Zookeeper Server

ZooKeeper Server is designed to work in standalone mode and also be extensible so that it can be used to implement the quorum based version of ZooKeeper.

ZooKeeper 服务最初设计成以独立模式工作并且可以被扩展用于实现集群 quorum 版本.

ZooKeeper maintains a order when processing requests:

All requests will be processed in order.
All responses will return in order.
All watches will be sent in the order that the update takes place.

zookeeper components 来源: Zookeeper Document: Overview - Implementation

Request processing

Requests are received by the ServerCnxn. Demarshalling of a request is done by ClientRequestHandler. After a request has been demarshalled, ClientRequestHandler invokes the relevant method in ZooKeeper and marshals the result.

If the request is just a query, it will be processed by ZooKeeper and returned. Otherwise, the request will be validated and a transaction will be generated and logged. This the request will then wait until the request has been logged before continuing processing.

All requests that update ZooKeeper state are forwarded to the leader. The leader executes the request and broadcasts the change to the ZooKeeper state through Zab, an atomic broadcast protocol.

Requests are logged as a group. Transactions are queued up and the SyncThread will process them at predefined intervals. (Currently 20ms) The SyncThread interacts with ZooKeeperServer the txnQueue. Transactions are added to the txnQueue of SyncThread via queueItem. When the transaction has been synced to disk, its callback will be invoked which will cause the request processing to be completed.

Data structure maintenance

ZooKeeper data is stored in-memory. Each znode is stored in a DataNode object. This object is accessed through a hash table that maps paths to DataNodes. DataNodes also organize themselves into a tree. This tree is only used for serializing nodes.

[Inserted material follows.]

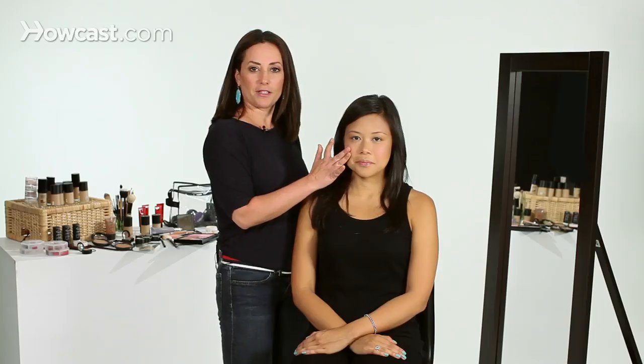By putting the blush right on the apples of the cheek, it just gives a really natural flushed look. Don't be afraid to go bright — it really is a beautiful complement to the yellow undertones of your skin.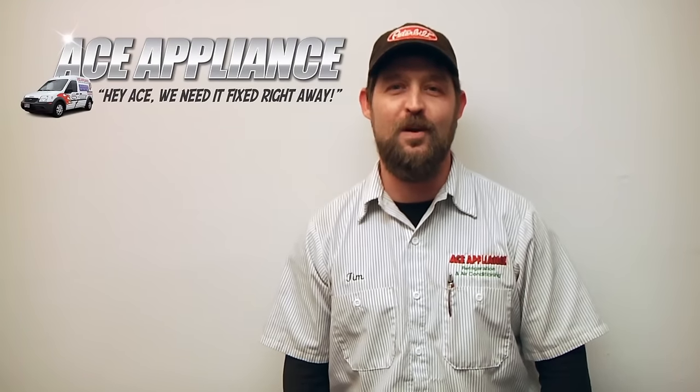Hello, this is Tim with Ace Appliance in Toledo, Ohio, and welcome back to another in-home diagnostic video brought to you by appliancevideo.com.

ZooKeeper 的数据存放在内存中. 每个 znode 被存储为一个 DataNode object. 这个 object 在一个 hash 表中通过路径来访问. 同时 DataNode 也组织成一个树, 用于序列化节点.

We guarantee that changes to nodes are stored to non-volatile media before responding to a client. We do this quickly by writing changes as a sequence of transactions in a log file. Even though we flush transactions as a group, we need to avoid seeks as much as possible. Also, since the server can fail at any point, we need to be careful of partial records.

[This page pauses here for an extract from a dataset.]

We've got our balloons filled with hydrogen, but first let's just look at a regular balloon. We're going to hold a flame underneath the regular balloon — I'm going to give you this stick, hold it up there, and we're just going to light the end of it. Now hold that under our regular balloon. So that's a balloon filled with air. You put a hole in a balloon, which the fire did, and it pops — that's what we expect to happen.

我们确保在响应客户端之前将 nodes 的更新持久化到非易失性存储介质上. 我们是通过将更新操作作为一系列事务写入 log 文件来实现的. 虽然我们以组为单位刷新事务, 但我们仍需尽量避免寻道. 此外, 因为服务器可能在任意时间点失败, 我们需要小心的处理残缺(不完整)记录.

We address the above problems by

Pre-allocating 1M chunks of file space. This allows us to append to the file without causing seeks to update file size. It also means that we need to check for the end of the log by looking for a zero length transaction rather than simply end of file.
Writing a signature at the end of each transaction. When processing transactions, we only use transactions that have a valid signature at the end.

As the server runs, the log file will grow quite large. To avoid long startup times we periodically take a snapshot of the tree of DataNodes. We cannot take the snapshot synchronously as the data takes a while to write out, so instead we asynchronously write out the tree. This means that we end up with a “corrupt” snapshot of the data tree.

随着服务长时间运行, 日志文件会变得非常庞大. 为了避免启动时时间过长, 我们周期性地对 DataNode Tree 做快照. 因为完整的数据需要一些时间才能写出, 所以我们不能同步的做快照, 而是使用异步方式. 这意味着这我们最终得到的是一个 “混乱” 的快照.

More formally if we define T to be the real snapshot of the tree at the time we begin taking the snapshot and l as the sequence of transactions that are applied to the tree between the time the snapshot begins and the time the snapshot completes, we write to disk T+l' where l' is a subset of the transactions in l. While we do not have a way of figuring out which transactions make up l', it doesn’t really matter. T+l'+l = T+l since the transactions we log are idempotent (applying the transaction multiple times has the same result as applying the transaction once).

So when we restore the snapshot we also play all transactions in the log that occur after the snapshot was begun. We can easily figure out where to start the replay because we start a new logfile when we start a snapshot. Both the snapshot file and log file have a numeric suffix that represent the transaction id that created the respective files.